Baristas have come a long way in recent years to abolish many myths of coffeemaking. One that remains fairly steadfast is the polish; the quick spin at the end of a tamp to make the surface of the coffee look smooth. I’ve spun a tamper in many a basket over my years and found it embarrassingly hard to stop. It’s a satisfying little flourish at the end of one’s dosing routine, and can make a strong habit.

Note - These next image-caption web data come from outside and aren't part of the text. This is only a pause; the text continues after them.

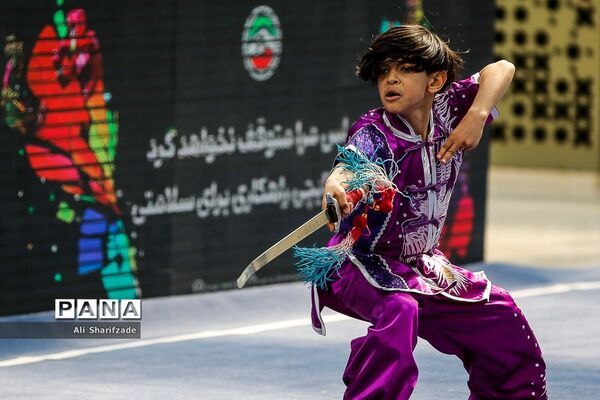 نخستین فستیوال ملی وشوو
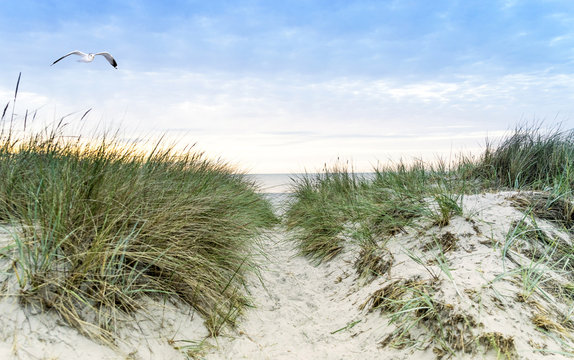 D&uuml;nen am Strand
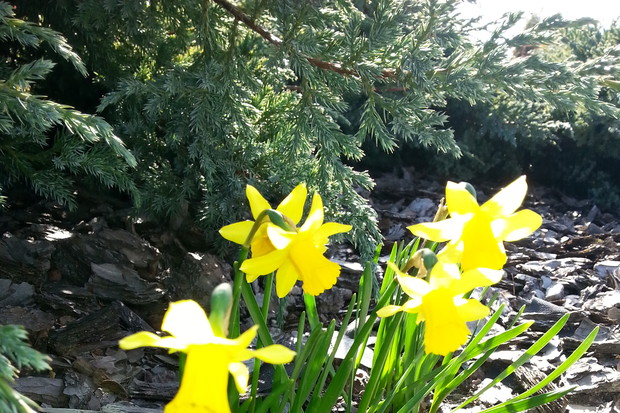 Wiosenne narcyze w promieniach słońca :)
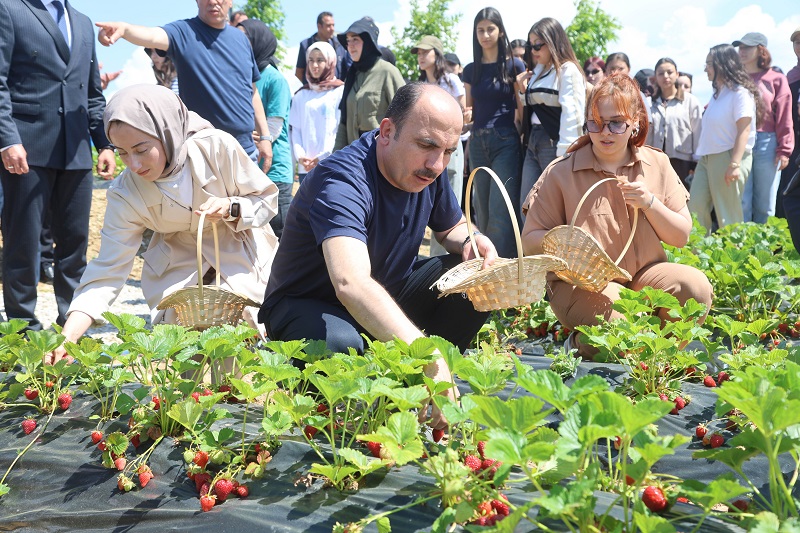 Tarımsal destek başvuruları başlıyor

Here’s (briefly) why it doesn’t matter, and why it’s probably bad for coffee quality.

Why it doesn’t matter

Water doesn’t care how shiny the top of the coffee grinds are. It also doesn’t care if a few errant grinds are sitting on the surface of the puck. It hits the coffee, washes it around, loosens some grinds, swells the puck and then hits hard. It’s raining down with a force of roughly 9 atmospheres behind it – a pressure that makes surface finish immaterial. What really matters is how well you distributed and tamped the grinds. Here’s a few previous posts about distribution and tamping

Why it’s probably bad for coffee quality

Humans suck at doing things precisely and consistently. We’re not robots. Tamping horizontally with enough force is already a task that tests our mettle. Why introduce a spin? We’re more than likely to… ‘screw’ it up.
If you’re still applying any force OR lift and drop the tamper on the grinds while spinning (a very common occurrence) you’ll change the distribution of grinds and make the extraction less even. You might think you’re spinning on a perfectly horizontal plane, but you’re not. You’re human, and your arm isn’t a servo motor. What’s most likely happening is a little bit of nutation (see here for more info on nutation). That little bit of nutation means you’re compressing the grinds on one side of the basket, making it more difficult for the water to travel through. If the water meets resistance in one area, that coffee will be less extracted than the rest.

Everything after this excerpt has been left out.